EXERCISE PROMPT
The data below should be copied out exactly, with its pictures omitted.

[Items from a dataset]
- - -

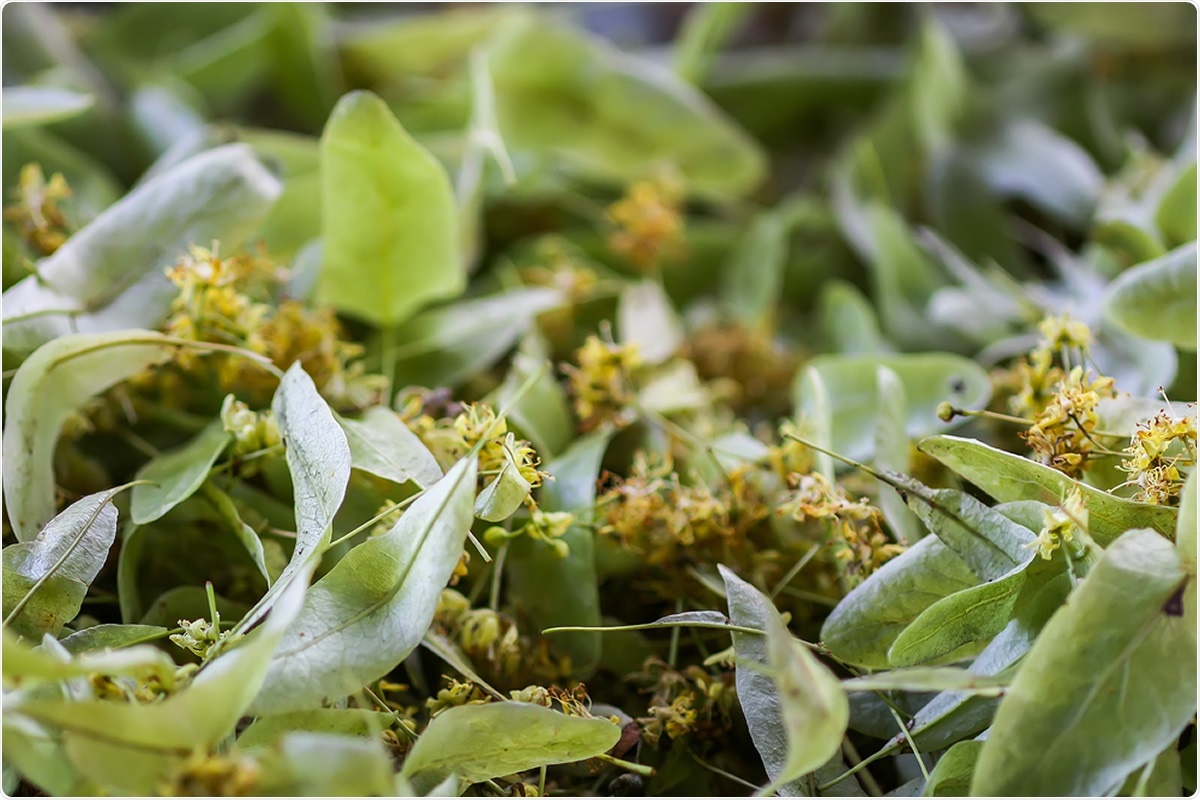 Review: Antiviral Activity Exerted by Natural Products against Human Viruses. Image Credit: Pictures_for_You / Shutterstock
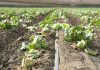 Lettuce virus showing signs of return in Salinas Valley Salinas Valley lettuce field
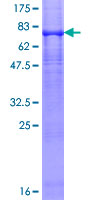 P2RX5 / P2X5 Protein - 12.5% SDS-PAGE of human P2RX5 stained with Coomassie Blue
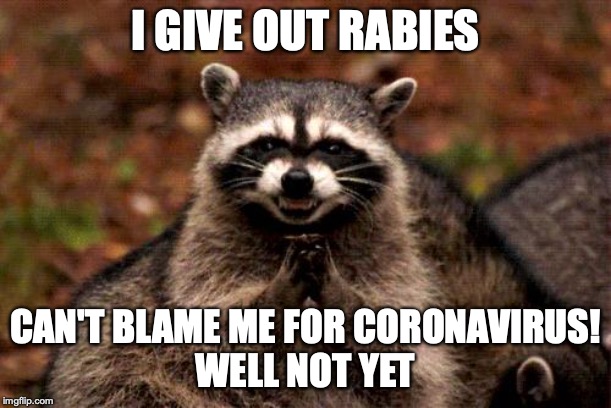 Evil Plotting Raccoon | I GIVE OUT RABIES; CAN'T BLAME ME FOR CORONAVIRUS!
WELL NOT YET | image tagged in memes,evil plotting raccoon,coronavirus,funny memes | made w/ Imgflip meme maker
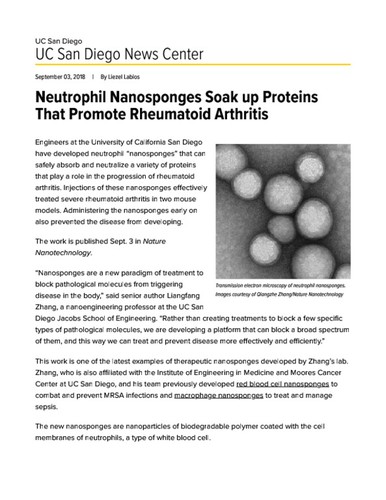 Neutrophil Nanosponges Soak up Proteins That Promote Rheumatoid Arthritis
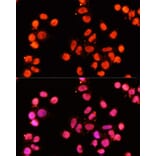 Immunofluorescence - Anti-XRCC1 Antibody (A11152) - Antibodies.com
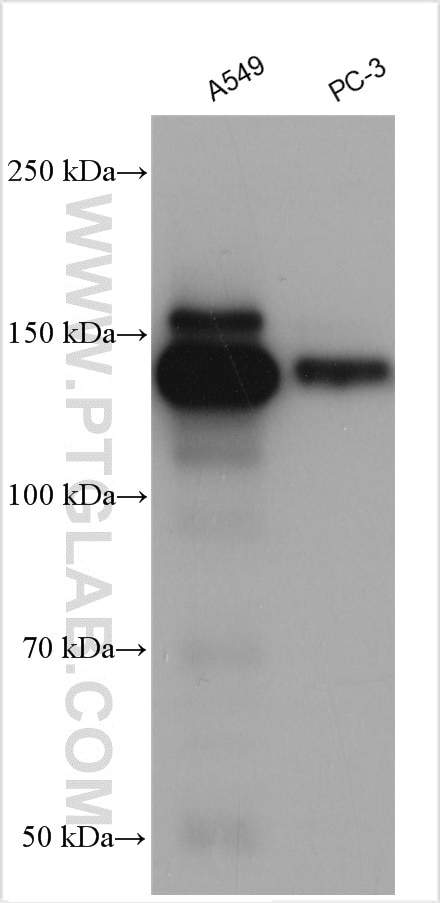 Western Blot (WB) analysis of various lysates using Integrin Alpha 3 Polyclonal antibody (21992-1-AP)
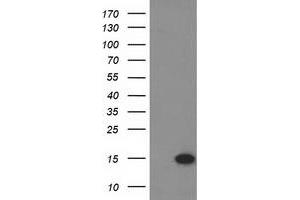 HEK293T cells were transfected with the pCMV6-ENTRY control (Left lane) or pCMV6-ENTRY EIF1 (Right lane) cDNA for 48 hrs and lysed. (EIF1 antibody)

- - -

WORKED SOLUTION
 Review: Antiviral Activity Exerted by Natural Products against Human Viruses. Image Credit: Pictures_for_You / Shutterstock
 Lettuce virus showing signs of return in Salinas Valley Salinas Valley lettuce field
 P2RX5 / P2X5 Protein - 12.5% SDS-PAGE of human P2RX5 stained with Coomassie Blue
 Evil Plotting Raccoon | I GIVE OUT RABIES; CAN'T BLAME ME FOR CORONAVIRUS!
WELL NOT YET | image tagged in memes,evil plotting raccoon,coronavirus,funny memes | made w/ Imgflip meme maker
 Neutrophil Nanosponges Soak up Proteins That Promote Rheumatoid Arthritis
 Immunofluorescence - Anti-XRCC1 Antibody (A11152) - Antibodies.com
 Western Blot (WB) analysis of various lysates using Integrin Alpha 3 Polyclonal antibody (21992-1-AP)
 HEK293T cells were transfected with the pCMV6-ENTRY control (Left lane) or pCMV6-ENTRY EIF1 (Right lane) cDNA for 48 hrs and lysed. (EIF1 antibody)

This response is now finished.